Dann doch lieber alleine bleiben? Die Medizin warnt vor Einsamkeit als Gesundheitsgefahr, die Philosophie schätzt sie für den Tiefsinn und die Psychologie für die Kreativität: Raphael Rauh stellt bei Spektrum den Nutzen und Nachteil der Einsamkeit vor. Über die Bedeutung der Wohnformen für den Klimaschutz hat Gernot Wagner ein Buch geschrieben, das bei Spektrum rezensiert wird. Die Lange Nacht übers Häuslebauen kann man im DLF nachhören.

 

Was tun beim Klimaschutz (?)

Für die taz berichtet Ulrike Fokken aus dem Harz, wo nach drei Dürresommern die düstere Klimazukunft des Waldes ebenso zu besichtigen ist wie die mühsame Rückkehr des Lebens (und Wirtschaftens).

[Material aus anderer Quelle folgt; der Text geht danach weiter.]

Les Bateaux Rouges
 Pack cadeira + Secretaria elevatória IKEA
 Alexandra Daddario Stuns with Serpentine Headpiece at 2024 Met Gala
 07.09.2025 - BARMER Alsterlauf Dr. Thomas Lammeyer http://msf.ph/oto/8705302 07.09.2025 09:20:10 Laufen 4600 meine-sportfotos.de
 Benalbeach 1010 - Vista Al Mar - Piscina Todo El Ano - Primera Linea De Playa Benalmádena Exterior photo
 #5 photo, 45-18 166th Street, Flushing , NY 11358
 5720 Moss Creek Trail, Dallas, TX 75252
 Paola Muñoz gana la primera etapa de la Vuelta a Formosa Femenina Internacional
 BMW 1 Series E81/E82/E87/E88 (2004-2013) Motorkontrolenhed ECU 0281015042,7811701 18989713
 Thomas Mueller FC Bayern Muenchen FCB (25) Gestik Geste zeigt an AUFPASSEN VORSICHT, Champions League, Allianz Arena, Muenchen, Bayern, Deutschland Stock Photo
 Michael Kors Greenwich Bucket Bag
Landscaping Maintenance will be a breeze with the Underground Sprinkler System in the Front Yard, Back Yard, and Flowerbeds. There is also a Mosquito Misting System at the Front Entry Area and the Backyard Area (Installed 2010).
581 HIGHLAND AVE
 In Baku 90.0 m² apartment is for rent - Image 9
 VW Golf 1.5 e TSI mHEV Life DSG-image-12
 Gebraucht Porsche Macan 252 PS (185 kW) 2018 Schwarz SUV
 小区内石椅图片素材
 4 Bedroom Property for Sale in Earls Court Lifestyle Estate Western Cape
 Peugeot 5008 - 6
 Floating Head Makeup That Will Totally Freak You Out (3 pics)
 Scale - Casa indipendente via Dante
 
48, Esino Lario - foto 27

Weder Staat noch unsichtbare Hand allein werden es richten: In der ZEIT-Reihe zum Thema Freiheit wägt der Wirtschaftsethiker Martin Kolmar ordnungspolitische Maßnahmen gegenüber dem freien Markt beim Thema Klimaschutz ab.

Ziviler Ungehorsam war schon für den Ur-Öko Thoreau ein Thema und ist es bei der Klimaschutzbewegung umso mehr, wie die taz schreibt und einige Fachleute zu Fragen des Widerstands, der Gewalt gegen Sachen und der Prozesskostenbeihilfe zitiert.

 

Staatsgewaltig

Nach der Sklaverei und dem Widerstand dagegen bleibt Iris Därmann in ihrem neuen Buch beim Thema und stellt darin die vielen niedrigschwelligen Möglichkeiten vor, Gewalt etwas entgegenzusetzen. Der Tagesspiegel stellt das Buch vor.

Vom Rechtsstaat wird viel gesprochen, doch was genau ihn ausmacht bleibt vage, wie Herlinde Pauer-Studer im Standard schreibt: Laut Lon L. Fullers Definition kommt er nicht ohne Moral aus, was problematisch ist.

Alle sind bekanntlich „irgendwie liberal“, was eine Bestimmung des Liberalen so schwierig macht. Christoph Möllers betreibt in seinem Buch darum ein vorsichtiges Abwägen von Freiheitsgraden, wie die FAZ anerkennend feststellt.

 

Das Weitere und Engere

Wolfgang Benz feiert seinen 80. Geburtstag. Die SZ gratuliert dem interventionistischen Zeithistoriker und Antisemitismusforscher, seine akademische Sozialisation wird in der FAZ rekapituliert.

Jochen Hörisch erklärt im ZEIT-Interview anlässlich seiner Kulturgeschichte der Griffel, was von unseren Händen zu halten ist, deren Bedeutung von Goethes Faust über die Digitalisierung bis zur verbotenen Berührung reicht. Über den Tod und die Endlichkeit unterhalten sich Siegfried Reusch und Jürgen Wiebicke im Philosophischen Radio des WDR 5.

Die FAZ resümiert zwei Bücher über den Verdacht, im Literaturbetrieb hacke eine Krähe der anderen kein Auge aus, Schriftsteller würden sich gegenseitig also über den grünen Klee loben.

Fuck yeah, ihr Arschlöcher! Bei Spektrum nimmt uns Anna Lorenzen mit in die Wunderwelt der Malediktologie und beleuchtet die Macht und den Nutzen von Vulgärsprache – auch aus Sicht der unvermeidlichen Hirnforschung.